» **DATA FOR THE TASK**:
= = = = = = =
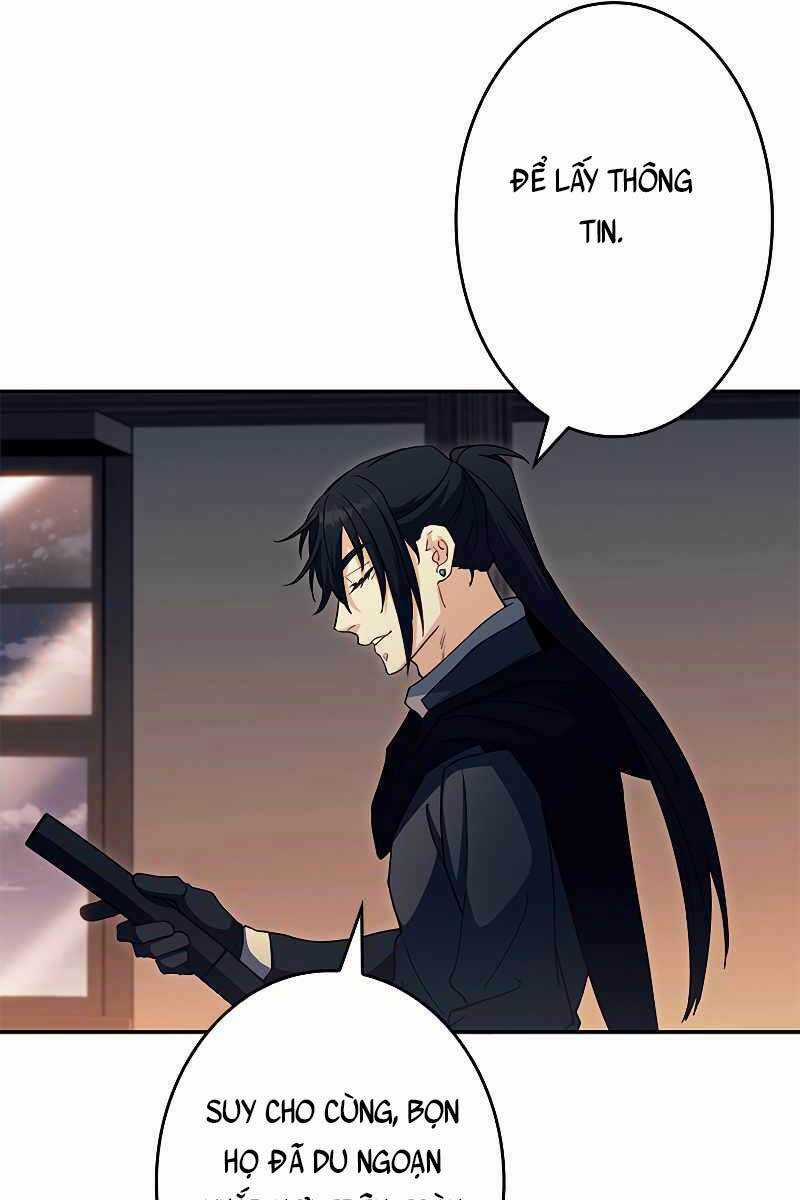 Công Tước Bạch Long Chapter 58 trang 20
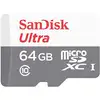 Image de Sandisk Sdsqunr-064g-gn3mn Mémoire Flash 64 Go Microsdxc Classe 10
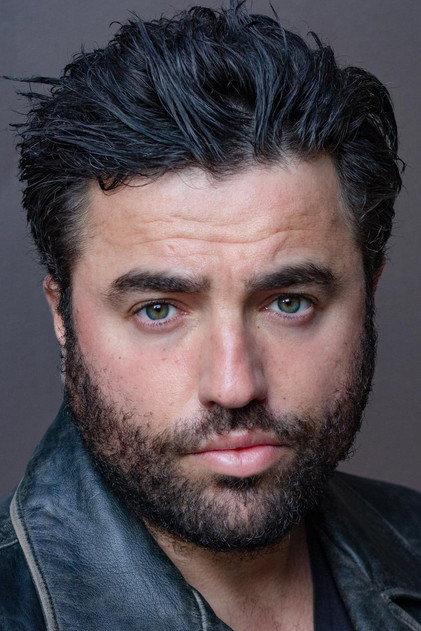 Luca  Riemma - Actor Profile Photo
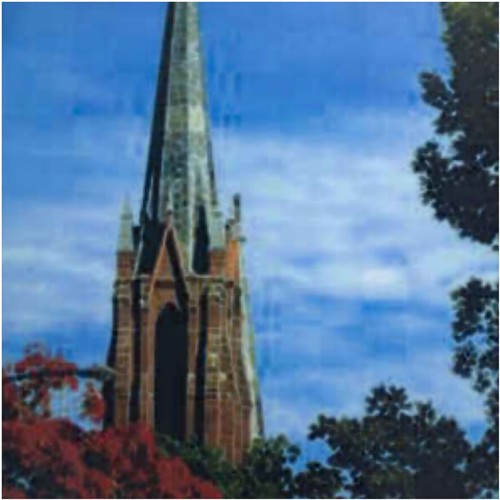 John Maus - Addendum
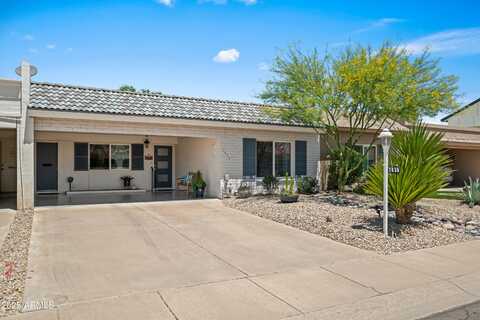 7630 E PASADENA Avenue, Scottsdale, AZ 85250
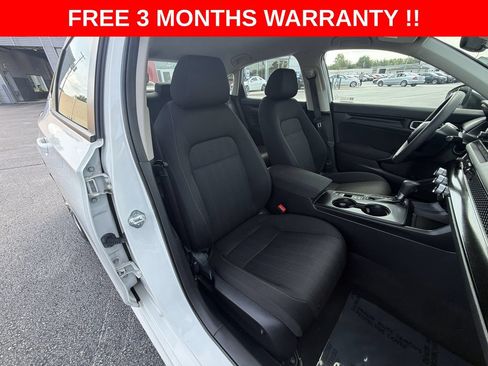 Used 2023 Honda Civic LX image 20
= = = = = = =
» **EXERCISE BRIEF**: Set down only the lines from the one with "Actor Profile Photo" through the end of the entries, exactly as they appear, leaving out each picture.

» **SOLVED EXERCISE**:
 Luca  Riemma - Actor Profile Photo
 John Maus - Addendum
 7630 E PASADENA Avenue, Scottsdale, AZ 85250
 Used 2023 Honda Civic LX image 20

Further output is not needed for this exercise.